CNBC's analysis of Nets Sports and Entertainment Consolidated Financial Statements for the years ending June 30, 2010 and 2009 (embedded below) is billed as an "exclusive," but the exclusive, I believe, is the analysis, not the documents, which were made available to the Securities and Exchange Commission.

(I wrote separately about how the document reveals that the loan from Mikhail Prokhorov is at 11% and the 5% development fee to Forest City Ratner is a minimum.)

According to CNBC Sports Business Reporter Darren Rovell's analysis, even if the team's claimed $77.2 million loss in 2008-09 is overstated, a more realistic $44 million figure could be used to back claims of NBA losses.

Income and losses

The team earned $78.8 million in operating income, mainly from ticket sales and broadcast revenues, two figures that likely would leap upon moving to the new arena in Brooklyn.

Operating expenses were $147 million, including $66 million in salaries and $33.3 million in "amortization of intangible assets." Rovell notes that the latter is considered creative accounting by the players union, and he agrees the team's loss is "probably closer to $44 million."

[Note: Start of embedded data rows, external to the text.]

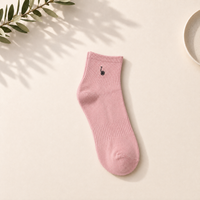 Thela Gaadi  - Ankle Sock - TG Basics Pink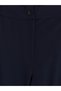 LCW Curve Navy Blue Muslin Straight-Leg Comfort & Relax Wide-Leg Women's Pants—The ALITA CITY Difference - 5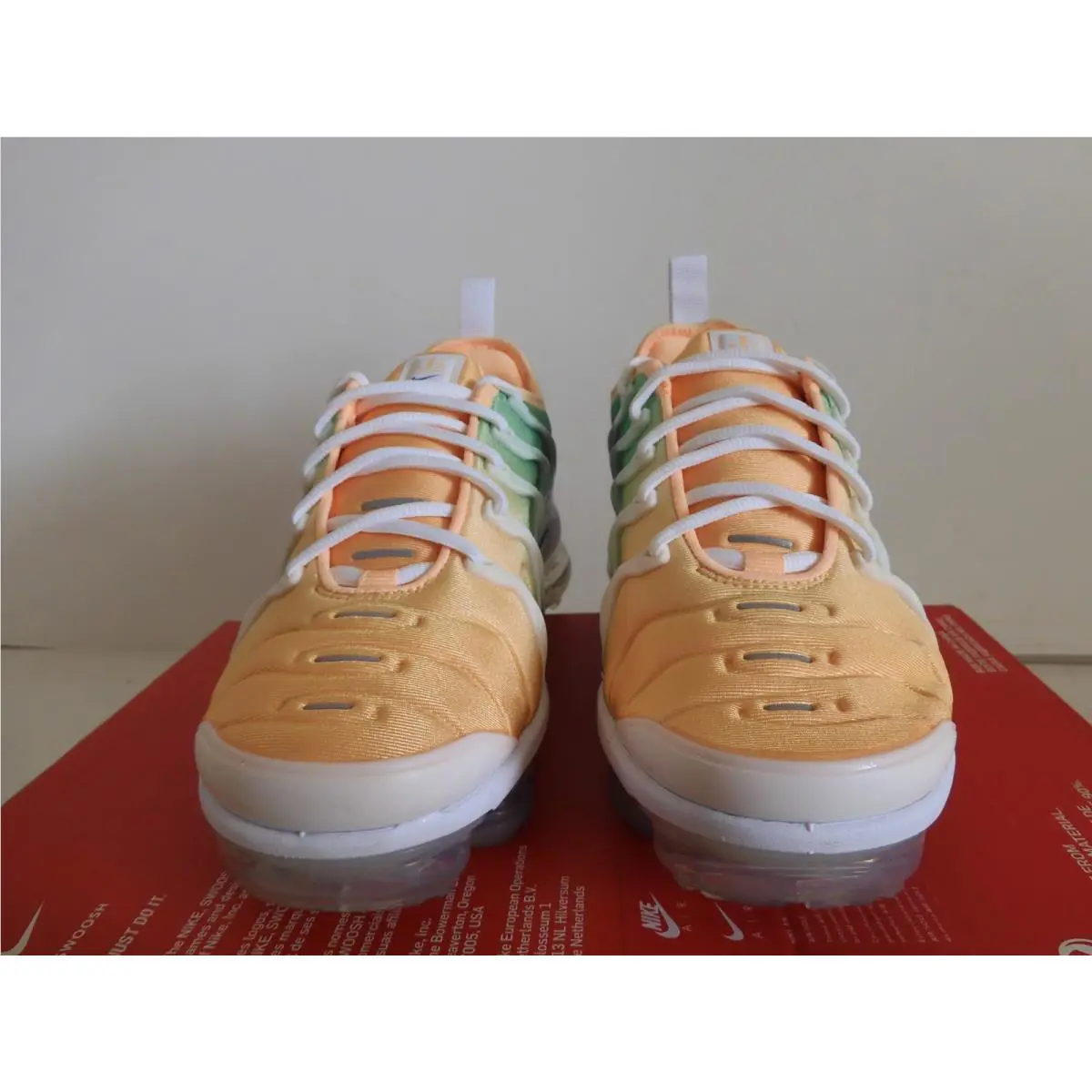 Nike shoes - Nike Air Vapormax Plus - Air Vapormax Plus - AO4550 100 - White 1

He also acknowledges disputes over depreciation and interest. His conclusion:
So now take the Nets loss of $44 million that year. That means that the Nets share of the losses were nine percent of the total losses. If all teams used generally accepted accounting practices, is it possible that 23 other teams lost an average of $19.1 million that year? Of course it is.
Keep in mind

I'd suggest an additional conclusion: the new arena will help the team do much, much better. After all, as Tom Ziller writes on SB Nation, that had a lousy year:

The Nets finished 14 games under .500 in 2008-09, and had the sixth-worst total attendance in the NBA. The Nets were still playing in the awful, antiquated and awful Izod Center at that point, despite constantly brewing plans to move to Brooklyn. (Those plans should be realized after the 2011-12 NBA season.) The Nets of East Rutherford -- they now play in Newark -- were always considered to be uniquely cursed: they had all the media costs of New York City and all the earning capacity of, well, East Rutherford, New Jersey. After trading Jason Kidd and Richard Jefferson, the Nets could no longer even boast a decent team.